**Data extract**
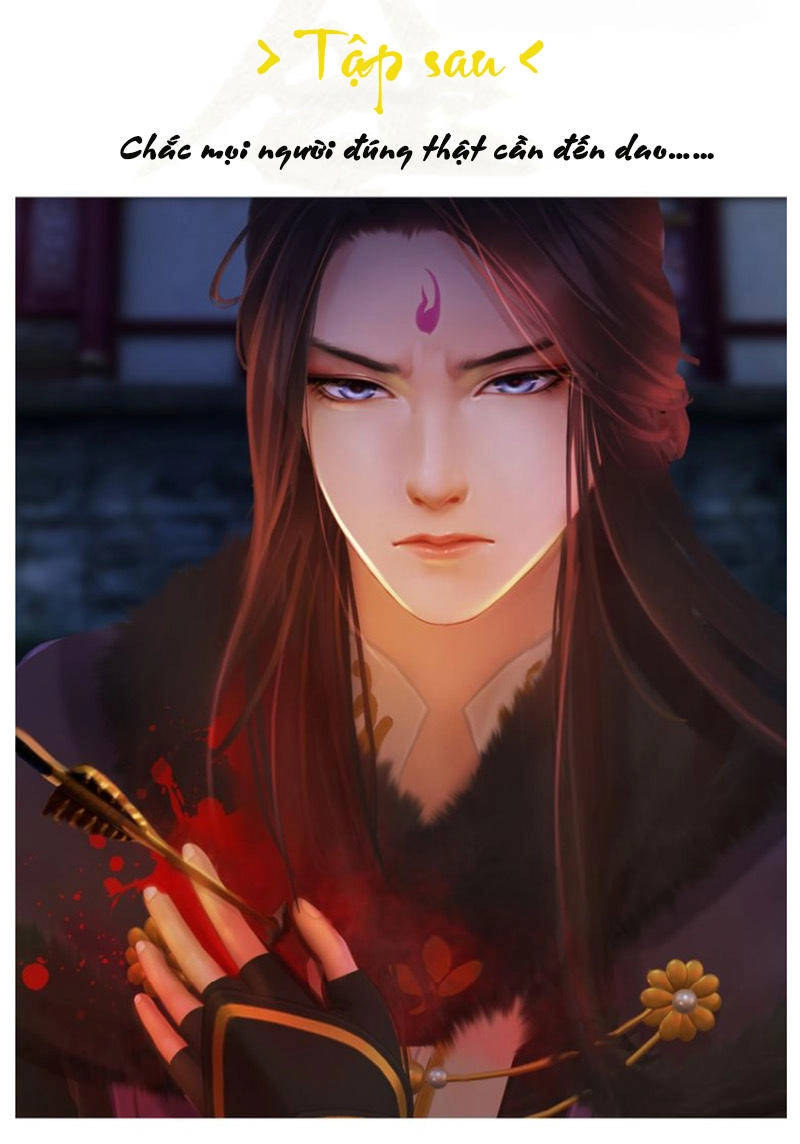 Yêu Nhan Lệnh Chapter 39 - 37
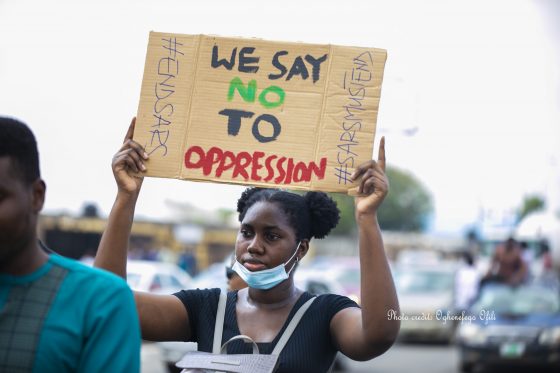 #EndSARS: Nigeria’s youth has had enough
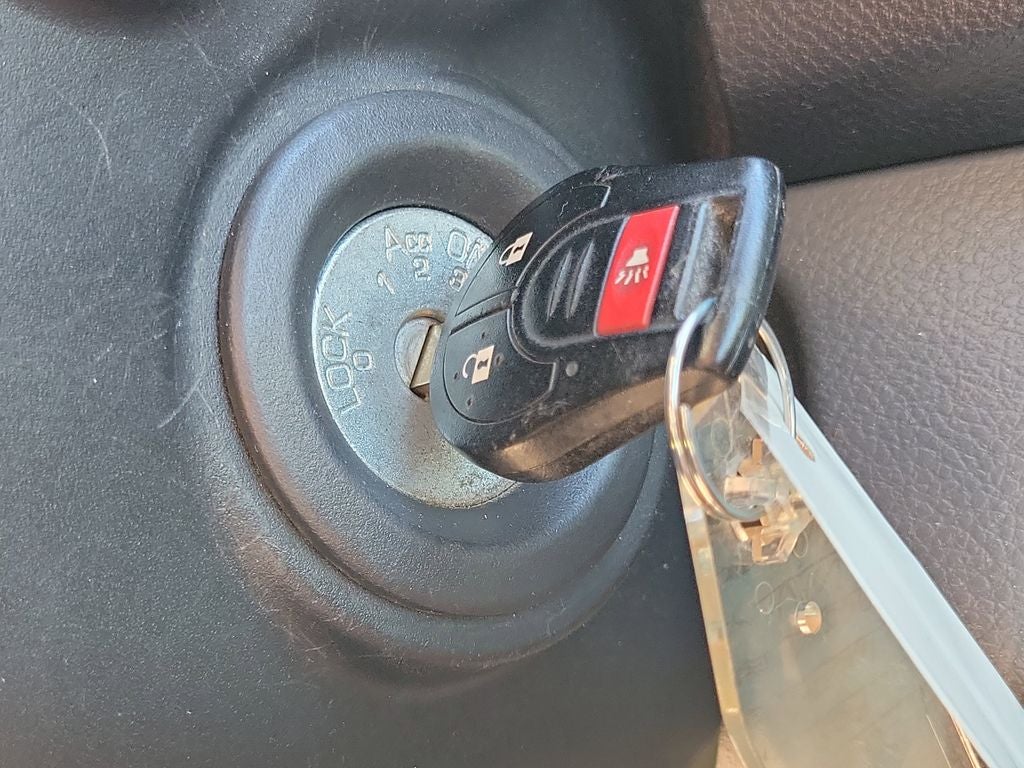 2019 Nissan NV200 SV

--

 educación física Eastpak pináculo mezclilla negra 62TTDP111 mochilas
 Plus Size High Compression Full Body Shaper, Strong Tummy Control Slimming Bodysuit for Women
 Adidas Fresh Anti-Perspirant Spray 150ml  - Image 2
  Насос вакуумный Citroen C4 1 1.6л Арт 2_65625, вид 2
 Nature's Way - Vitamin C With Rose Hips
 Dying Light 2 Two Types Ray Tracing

---

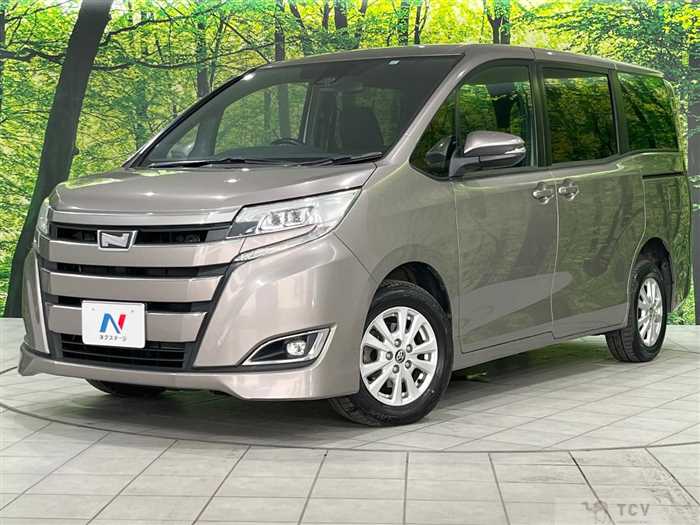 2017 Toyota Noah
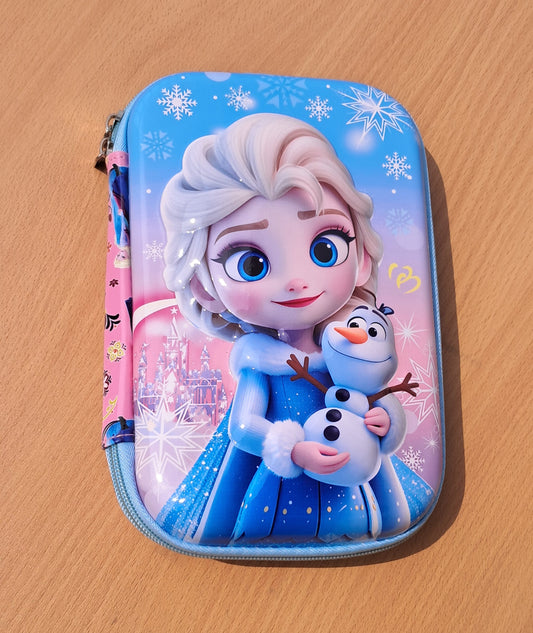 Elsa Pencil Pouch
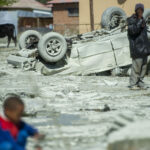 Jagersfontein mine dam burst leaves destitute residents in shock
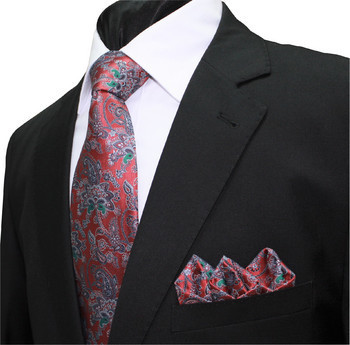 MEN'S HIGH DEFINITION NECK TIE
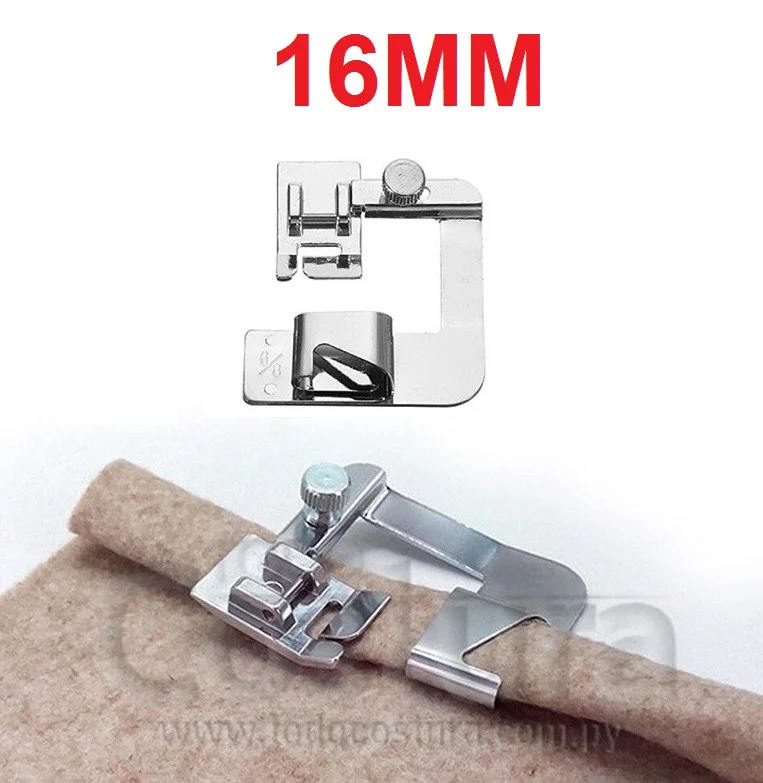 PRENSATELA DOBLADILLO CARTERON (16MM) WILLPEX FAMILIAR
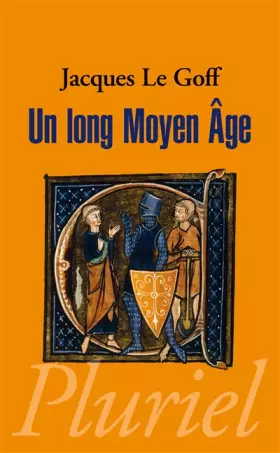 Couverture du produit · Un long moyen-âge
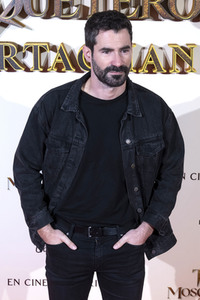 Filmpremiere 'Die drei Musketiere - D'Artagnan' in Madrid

**Task goal**
From the records above, output only the lines starting at the one containing "Yêu Nhan Lệnh Chapter 39 - 37" and ending at the one containing "2019 Nissan NV200 SV", word for word. Pictures stay out.

**Answer box**
 Yêu Nhan Lệnh Chapter 39 - 37
 #EndSARS: Nigeria’s youth has had enough
 2019 Nissan NV200 SV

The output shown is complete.